No mundo físico, o zero não existe. Nem o infinito. Não é a toa que está registrado aquilo que Deus nos tem revelado por meio do apóstolo João: “Eu sou o Alfa e o ômega, diz o Senhor Deus, aquele que é, e que era, e que há de vir, o Todo Poderoso.” Revelação 1:8. Uns 830 anos antes disso ele já havia inspirado o profeta Isaías a escrever: “Eu sou o primeiro, e eu sou o último, e fora de mim não há Deus.” O criador do mundo físico o criou com limites estabelecidos, todavia, teve o cuidado de se assegurar que tais limites só a Ele pertencem, pois o limite é Ele em si. É por isso que, por mais que nós tentemos desenvolver tecnologias para atingi-los, não obtemos exito.

O Princípio e o fim, o zero e o infinito, no mundo da físico são intangíveis. Não há como, por exemplo, como se converter energia de uma forma para outra sem que haja alguma perda. No mundo da matéria, a perda é inerente a todo e qualquer processo de transformação de energia, seja ele realizado por meio processos naturais, sem interferência humana ou induzido em processos artificiais. Isso ocorre pelo principio de que, fisicamente, nenhum sistema pode ser hermeticamente fechado e, portanto, sempre existirá interações inevitáveis, relações espúrias entre sistemas. Nos processos de conversão de energia artificiais promovidos pelo homem, desde sempre, o grande desafio tem sido sempre, a redução de perdas inerentes aos processos a um “mínimo possível”, na busca da “eficiência energética”.

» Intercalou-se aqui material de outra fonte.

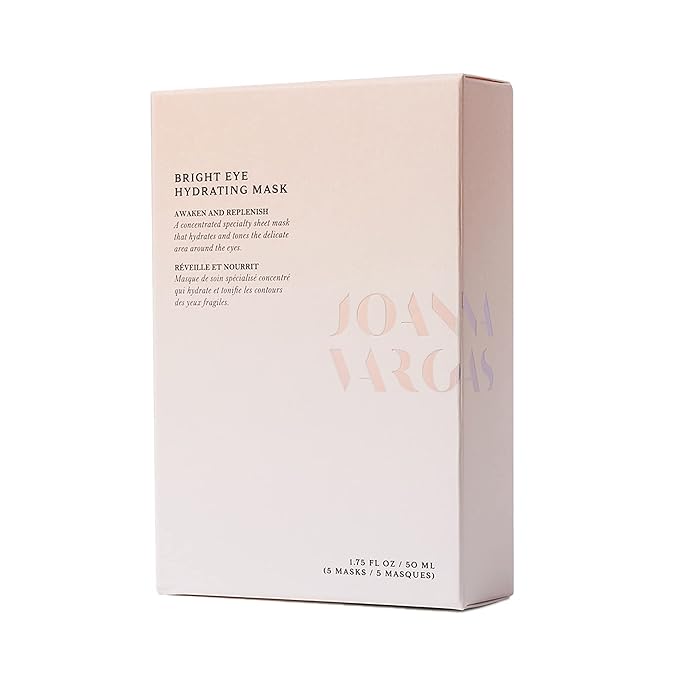 Joanna Vargas Bright Eye Hydrating Mask. Concentrated Ultra-Luxe Bamboo Hydration Sheet Masks Target Dark Circles, Expression Lines and Skin Tone. 5 Sheets (0.35 oz/sheet)-VivaGrace Women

Inúmeras vezes o homem já sonhou ser Deus e já tentou criar coisas impossíveis no mundo físico. Tentou desenvolver o moto contínuo, tenta criar matéria viva a partir de matéria inanimada. Ele não desiste de ser ridículo e não se rende a mais clara evidência. Há coisas possíveis somente a Deus. Todavia, nada impede que o homem crie coisas em as perdas sejam tão pequenas que ele as considere desprezíveis, afinal, só isso já é reconhecer a sua própria imperfeição e as limitações do mundo físico. Mas dai, a passar a “comercializar” o termo “hermeticamente fechado”, penso que isso seja abusar de propaganda enganosa e abuso da própria ignorância. Existem matéria bom isolantes, de calor, de eletricidade, de partículas, etc, porém nenhum é perfeito nisso. Dois corpos materiais sólidos não podem ocupar o mesmo espaço, mas a matéria não é, de modo algum, impermeável, antes é amplamente “porosa” pois, todas as substâncias são constituídas por corpúsculos, separados uns dos outros por espaços vazios e em constante movimento.

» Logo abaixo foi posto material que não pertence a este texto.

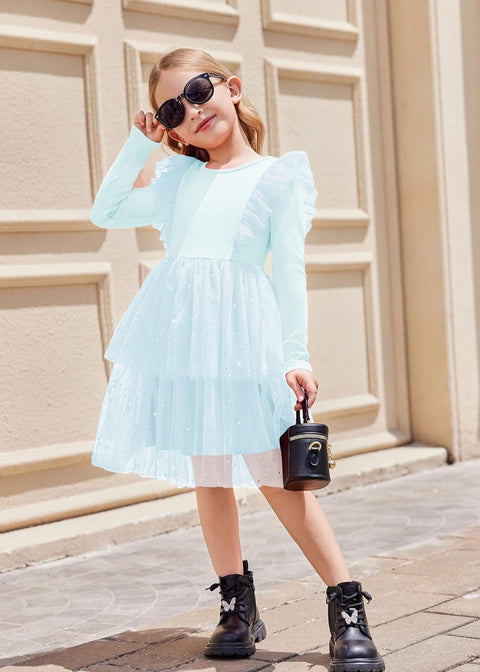 Arshiner Toddler Dress Girls Tutu Tiered Party Sequin Dresses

Da mesma forma como não há perda zero em conversão de energia, podemos afirmar que, nenhuma fonte de energia existente no mundo físico é inesgotável, nem mesmo toda carga energética, contida em todo universo é infinita. Obviamente que, para um desprezível aglomerado de seres vivos, como é o caso da humanidade, quando contraposta a imensidão universal, até mesmo a quantidade de carga energética contida num único pequeno astro, como o sol do nosso sistema solar, muitas vezes, possa parecer algo inesgotável e sem fim, todavia é finito.

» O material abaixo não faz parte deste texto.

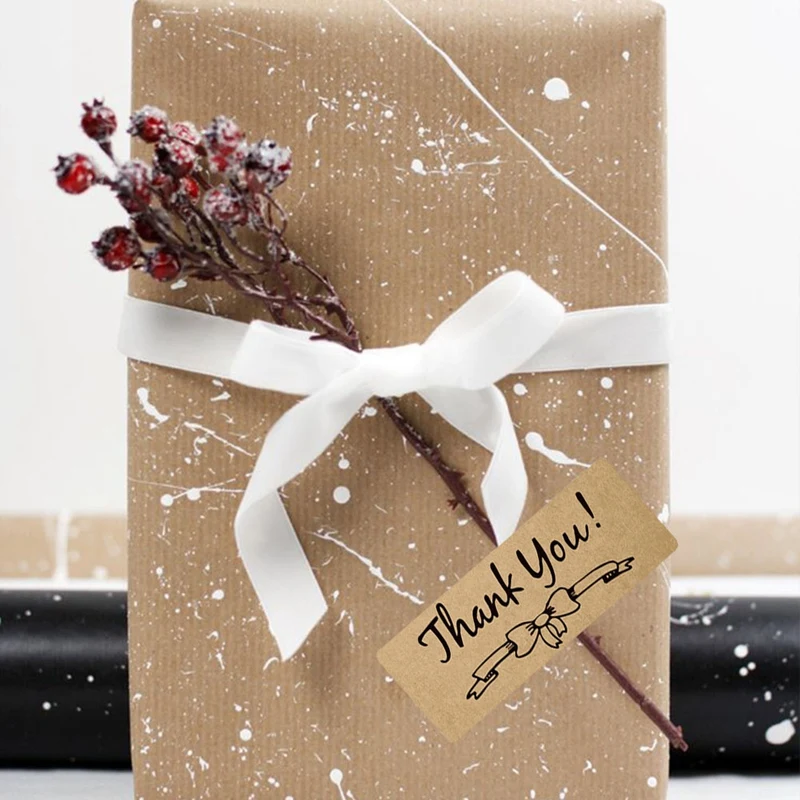 1200Pcs Thank You Stickers Set, Thank You Stickers Label Roll Thank You For Envelope Retail Store 75X25mm Thank You Stickers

Lembrando disso, eu posso até mesmo sentir o “meu” criador do universo, aquele que eu chamo de “meu Deus”, nos observando: a orgulhosa raça humana, e seus “incríveis” cientistas; E Ele se rindo gostosamente de nós e de nossa vã filosofia. Incapaz de salvar a si mesmo enquanto ser vivo, meramente constituído de matéria, podendo vir a desaparecer num átimo, aos menor desarranjo ou rearranjo da natureza próxima ao seu redor, esse grupamento de criaturas incrédulas, imagina-se como tendo, em si mesma, uma fonte inesgotável de energia, em continuar desafiar a Deus. Mas o que há mesmo de incrível nisso é que, mesmo assim, nós continuamos, sempre, tendo um valor inestimável diante do Todo Poderoso, que é a única fonte de energia inesgotável, o único espaço capaz de conter o universo inteiro, e fazer cessar o seu ciclo ondulatório.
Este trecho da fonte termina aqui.